No es casual. Santoro es uno de los periodistas de investigación de mayor trayectoria del país, respetado y premiado internacionalmente con los mayores reconocimientos de la actividad (Moors Cabot y Rey de España, entre ellos). Por su trabajo la sociedad argentina conoció la construcción en secreto del misil Cóndor II, el tráfico ilegal de armas a Ecuador y Croacia, la vinculación del general César Milani con la desaparición del conscripto Agapito Ledo y el enriquecimiento ilícito de varios funcionarios de distintos gobiernos, entre otros casos.
El ensañamiento del magistrado, cuya imparcialidad ya no es indiscutible, con Santoro es un mensaje muy nítido de un sector político hacia el periodismo profesional que no debe dejar indiferente a la sociedad. Un mensaje que tiene además un coro de fondo en el que se escuchan voces militantes pidiendo juicios y castigos para el periodismo, y revisión de condenas o procesamientos para políticos y empresarios presos o investigados. Completa ese concierto el arsenal desinformador de los medios creados o cooptados durante el gobierno anterior, algunos de las cuales se gestionan impunemente desde los penales de Ezeiza y Marcos Paz. Desinformación amplificada además en las redes sociales por una militancia que espera y opera por el regreso de su lideresa.
Santoro tal vez sea el primero de una fila no tan extensa de periodistas que en los últimos años arriesgaron mucho más que su prestigio en la investigación de maquinarias de corrupción a gran escala y en la que se cruzan intereses públicos y privados, partidarios y empresariales.

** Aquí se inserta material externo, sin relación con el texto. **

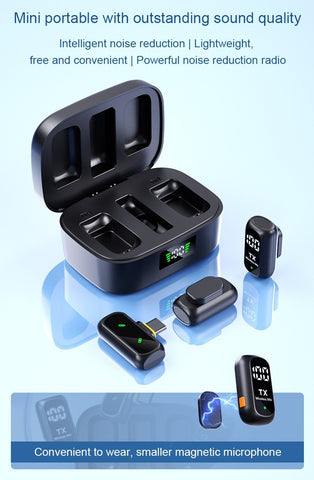 Wireless Lavalier Microphone for iPhone Android Type-C 2.4G Noise Cancel Mic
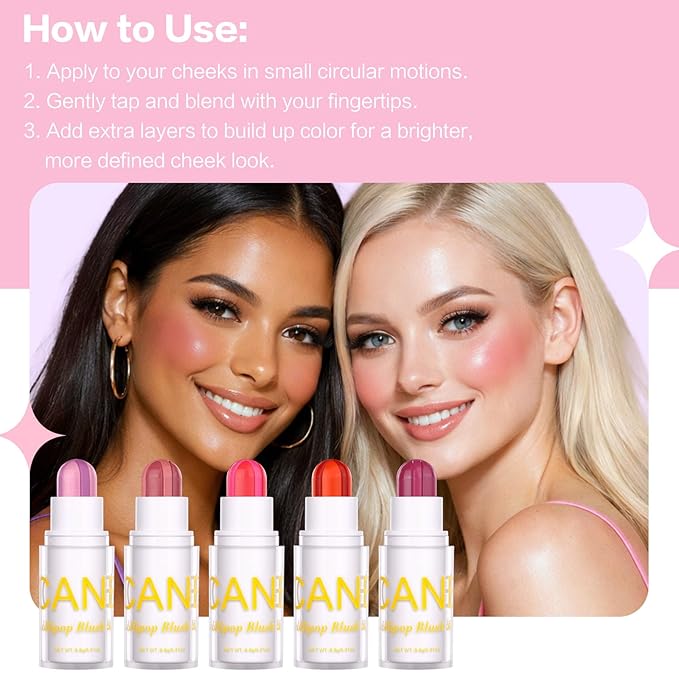UCANBE Coral Pink Cream Blush Stick for Cheeks, Duo-Tone Buildable Blush Makeup, Hydrating Lightweight Face Blush with Vitamin E, Natural Dewy Finish, Long-Wearing, Water-Resistant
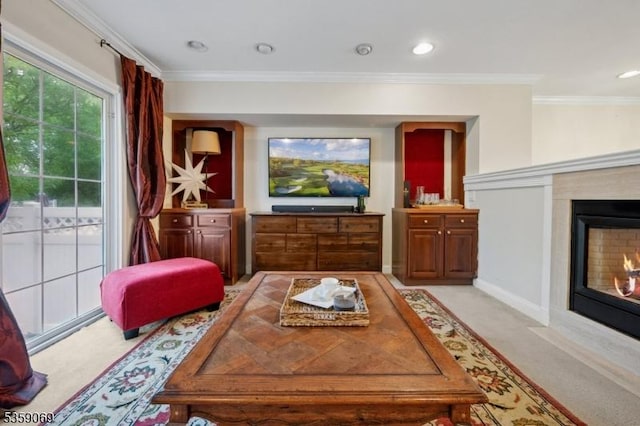 5 Prescott Ct, Condo, Bernards Twp, NJ 07920 - living room with crown molding, a fireplace with flush hearth, and light colored carpet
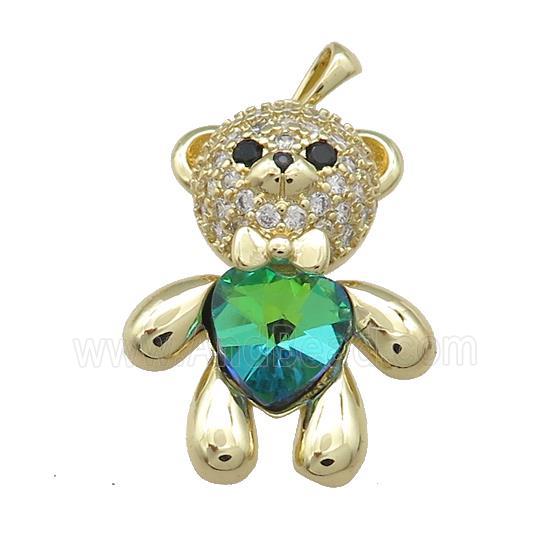 Copper Bear Pendant Pave Zircon Crystal Glass Gold Plated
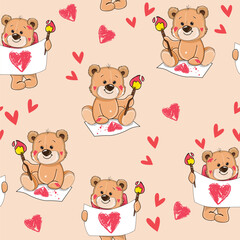 Cute cartoon teddy bear with hearts on a beige background seamless pattern. Vector illustration for valentine's day. T-shirt design, greeting cards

El propio Santoro -el escarnio público al que está siendo sometido y los riesgos que enfrenta- es el mensaje de lo que podría pasarles a los demás.

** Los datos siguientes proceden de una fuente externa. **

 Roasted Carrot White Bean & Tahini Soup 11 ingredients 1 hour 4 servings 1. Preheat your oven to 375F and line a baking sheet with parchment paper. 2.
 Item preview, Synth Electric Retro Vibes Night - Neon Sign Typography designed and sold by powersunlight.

Los periodistas podemos ser buenos, malos o mediocres en nuestro ejercicio profesional, pero eso no se resuelve en los tribunales federales, sino en las escuelas de periodismo con mejor formación, en las buenas prácticas profesionales en las redacciones bien lideradas y en la autorregulación del oficio del que debemos participar. En el peor de los casos, siempre está el fuero civil.
En el afán de competencia por la primicia y la relevancia propia, los periodistas, como pasa en muchas otras profesiones, podemos caer en mala praxis. Estafadores como D’Alessio siempre van a existir, y todos podemos ser usados por uno de ellos. Existen también distintas sensibilidades éticas, como las que en los 90 nos hacían discutir la pertinencia de las cámaras ocultas. Pero la difusión de información de interés público verificada, aun cuando haya sido obtenida por terceros mediante ilícitos, es parte de nuestro trabajo y lo fue desde siempre del Watergate a Wikileaks. De Garganta Profunda a Edward Snowden.
La demolición del periodismo profesional que expuso rutas de dinero y cuadernos de corrupción parece un primer paso para la anulación de las causas que por primera vez en la historia llegan a juicio y que involucran a lo más encumbrado del poder. La idea es hacer de cuenta que aquí no pasó nada y que todo lo que se hizo, dijo y comprobó no existió. El capítulo final del relato que espera el favor popular en las elecciones para volver al principio. Pero esta vez recargado.
Porque la situación es gravísima, algunos silencios llaman la atención y duelen: salvo muy pocas excepciones, el de los republicanos que dicen defender la división de poderes, el Estado de Derecho y la libertad de expresión, y también el de muchos periodistas que tal vez ya no recuerden cómo y qué consecuencias acarrea investigar al poder. En cualquier tiempo y lugar.
Si un solo juez militante puede generar esta amenaza, da para temer lo que podría hacer una justicia entera degradada de su condición de poder constituido y convertida en un simple servicio militante.